GET /v1/app/voices
List voice profiles available to this device: workspace voices created in the dashboard plus clones created by this
client.
- Response
200 — JSON object with a voices array. - Each item:
voice_id, name, category (cloned = this device, workspace = created via dashboard), optional preview_url (time-limited signed URL when storage is configured).
{
"voices": [
{
"voice_id": "550e8400-e29b-41d4-a716-446655440000",
"name": "Bedtime narrator",
"category": "workspace",
"preview_url": "https://..."
}
]
}
POST /v1/app/voices/clone
Create a cloned voice from a reference recording. Audio is transcribed (for the adapter), stored, and synced to the TTS
adapter.
- Content-Type:
multipart/form-data - Form fields:
name (required), description (optional, default empty), audio_file (required file upload). - Audio rules: converted to WAV server-side; duration must be at least 10 seconds and at most 30 seconds.
- Response
201 — voice_id, name, status (e.g. ready), optional preview_url. - Common error codes:
EMPTY_AUDIO, AUDIO_TOO_SHORT, AUDIO_TOO_LONG, TRANSCRIPTION_FAILED, STORAGE_ERROR.

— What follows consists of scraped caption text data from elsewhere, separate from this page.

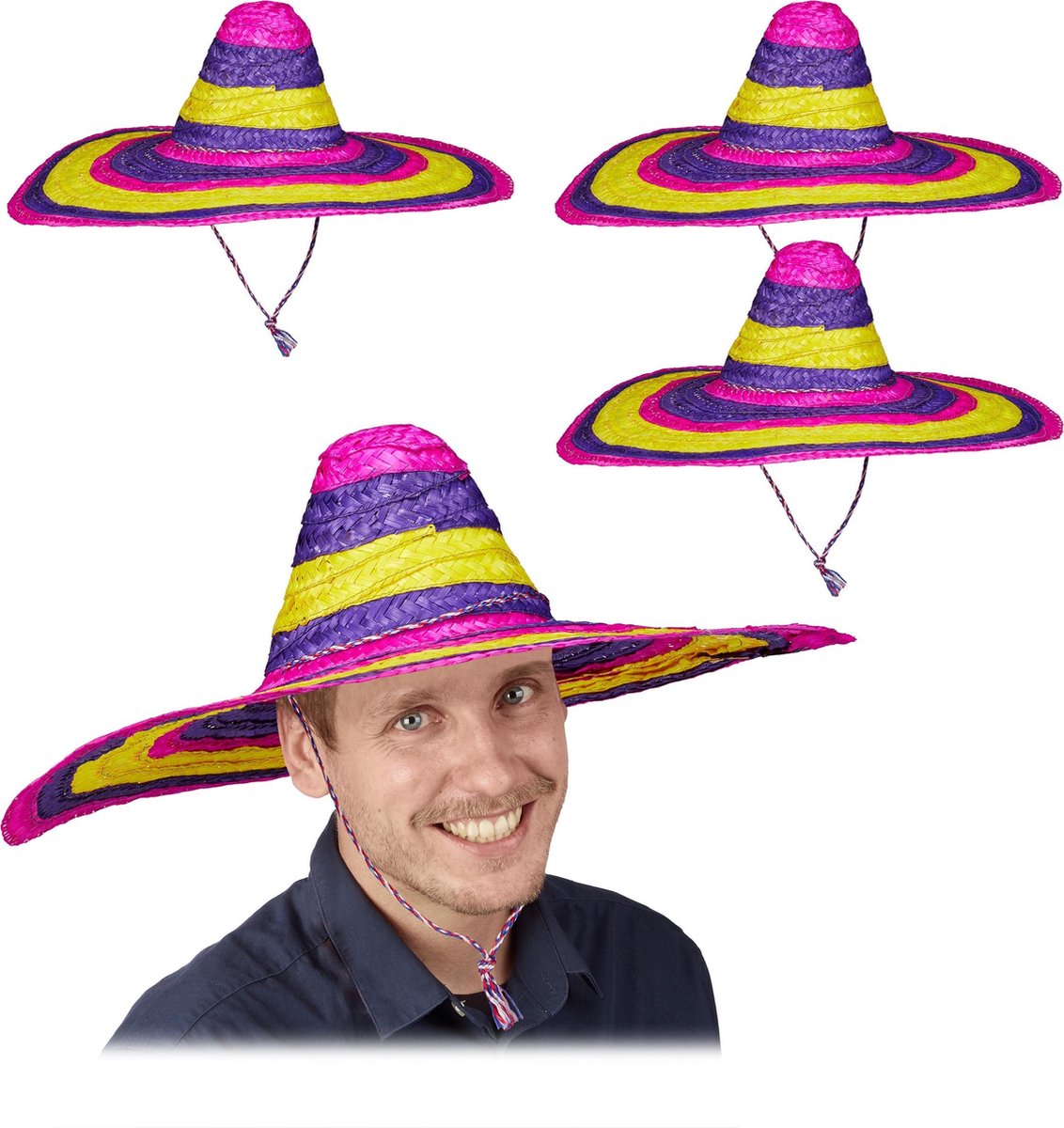 relaxdays 4 x Mexicaanse hoed - sombrero volwassenen - strohoed gekleurd - Mexico - 55 cm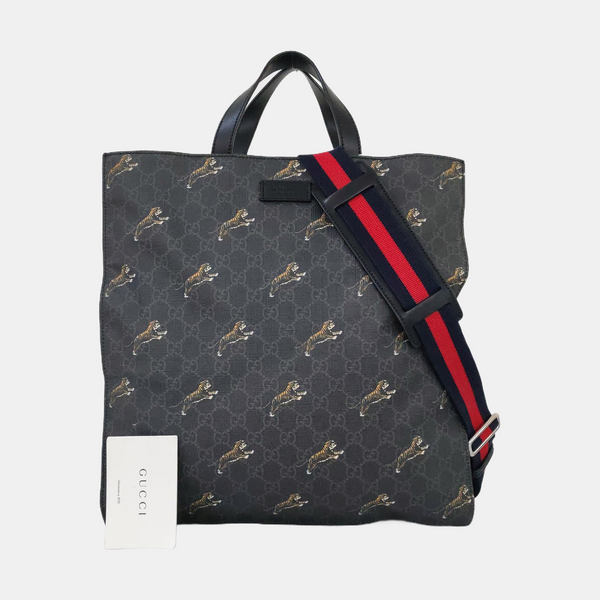 GG Supreme Monogram Coated Canvas Black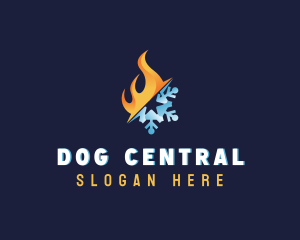 Flame Snowflake Temperature logo design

POST /v1/app/voices/design
Create a voice from a text description (no audio upload). The service materializes reference audio and registers the profile.
- Content-Type:
application/json - Response
201 — same shape as clone: AppCloneResponse. - Common error codes:
MISSING_DESIGN_PROMPT, DESIGN_FAILED.
{
"name": "Friendly guide",
"design_prompt": "Warm, calm adult voice suitable for bedtime stories.",
"language": "en",
"description": "Optional notes"
}
POST /v1/app/text-to-speech/{voice_id}/with-timestamps
Synthesize speech with word-level timestamps. The voice must be in the workspace and allowed for this device: either
created by this client (cloned) or created by a user in the workspace (workspace).
- Path parameter:
voice_id — UUID string of the voice profile. - Text limit: up to 15,000 characters.
- Response
200 — JSON with signed audio_url (temporary), expires_in (seconds, typically 300), duration_seconds, timestamps (array of word, start_ms, end_ms), full_text. - Common error codes:
TEXT_TOO_LONG, EMPTY_TEXT, INVALID_VOICE_ID, VOICE_NOT_FOUND, VOICE_NOT_AVAILABLE (403), ADAPTER_SYNC_FAILED, ADAPTER_NOT_CONFIGURED, TTS_FAILED, STORAGE_ERROR.
{
"text": "Hello from ItanniX.",
"output_format": "mp3_44100_128",
"speed": 1.0,
"stability": 0.75
}
output_format may contain mp3 for MP3 or otherwise WAV.
Designed voices may send a voice_clone_prompt path on the adapter; clone voices use profile_id from the adapter.